SANTIAGO, Oct. 12 (Xinhua) -- Latin American economies will see 1.2-percent growth in 2017 and expand another 2.2 percent in 2018, the Economic Commission for Latin America and the Caribbean (ECLAC) said on Thursday.
In revising its growth projections for the region, the United Nations agency said better economic performances led it to upgrade its forecasts, though results were uneven across the region.
In the Caribbean, for example, projections were downgraded due to the devastating effects of recent hurricanes, while Central America will see greater growth in the next two years, than South America.
South American countries with important primary exports, such as oil, minerals and food, will grow at a rate of 0.7 percent in 2017, reversing a two-year economic contraction.
But it won't be until 2018 that these countries will see greater dynamism, with average growth of 2 percent.
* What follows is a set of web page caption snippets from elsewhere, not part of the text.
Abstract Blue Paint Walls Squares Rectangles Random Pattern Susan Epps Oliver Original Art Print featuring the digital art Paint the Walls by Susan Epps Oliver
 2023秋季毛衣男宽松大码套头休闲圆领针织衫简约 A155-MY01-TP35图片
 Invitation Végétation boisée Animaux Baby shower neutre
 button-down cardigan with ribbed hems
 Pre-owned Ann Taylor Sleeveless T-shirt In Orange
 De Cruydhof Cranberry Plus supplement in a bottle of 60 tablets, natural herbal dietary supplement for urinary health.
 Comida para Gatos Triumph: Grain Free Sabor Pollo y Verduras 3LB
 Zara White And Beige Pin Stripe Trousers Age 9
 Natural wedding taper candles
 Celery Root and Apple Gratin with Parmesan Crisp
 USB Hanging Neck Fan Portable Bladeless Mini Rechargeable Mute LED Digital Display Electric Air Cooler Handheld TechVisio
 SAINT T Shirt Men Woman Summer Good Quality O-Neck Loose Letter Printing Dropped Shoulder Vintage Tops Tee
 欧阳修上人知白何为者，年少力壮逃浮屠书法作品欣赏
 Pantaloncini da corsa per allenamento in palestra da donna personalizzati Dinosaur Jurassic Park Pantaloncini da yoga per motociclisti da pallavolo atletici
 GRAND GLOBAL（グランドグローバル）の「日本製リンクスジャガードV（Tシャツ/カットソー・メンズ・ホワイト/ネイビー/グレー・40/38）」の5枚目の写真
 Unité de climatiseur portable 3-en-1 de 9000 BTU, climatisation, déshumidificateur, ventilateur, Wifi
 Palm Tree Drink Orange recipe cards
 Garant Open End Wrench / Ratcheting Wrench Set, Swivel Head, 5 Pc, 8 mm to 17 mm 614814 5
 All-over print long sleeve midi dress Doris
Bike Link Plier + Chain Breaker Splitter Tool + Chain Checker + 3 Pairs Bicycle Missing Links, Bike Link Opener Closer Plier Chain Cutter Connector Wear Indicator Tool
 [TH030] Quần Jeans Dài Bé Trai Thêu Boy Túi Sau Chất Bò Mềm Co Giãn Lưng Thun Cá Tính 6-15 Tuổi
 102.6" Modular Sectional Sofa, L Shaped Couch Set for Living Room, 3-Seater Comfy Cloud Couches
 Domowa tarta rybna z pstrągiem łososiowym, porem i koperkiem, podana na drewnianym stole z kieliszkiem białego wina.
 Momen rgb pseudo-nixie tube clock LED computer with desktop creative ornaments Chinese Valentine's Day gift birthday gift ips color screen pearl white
Central America is expected to grow at a rate of 3.4 percent this year, and 3.5 percent the next.
In the Dutch- and English-speaking Caribbean, the aftermath of hurricanes Irma and Maria weighed down the growth forecast to 0.3 percent this year. However, recovery spending and a better global economic outlook raised the forecast to 1.9 percent for 2018.
Over the long term, sustained growth in the region will depend on "policies that promote investment, which will be essential to lessen the impact of external shocks," ECLAC said.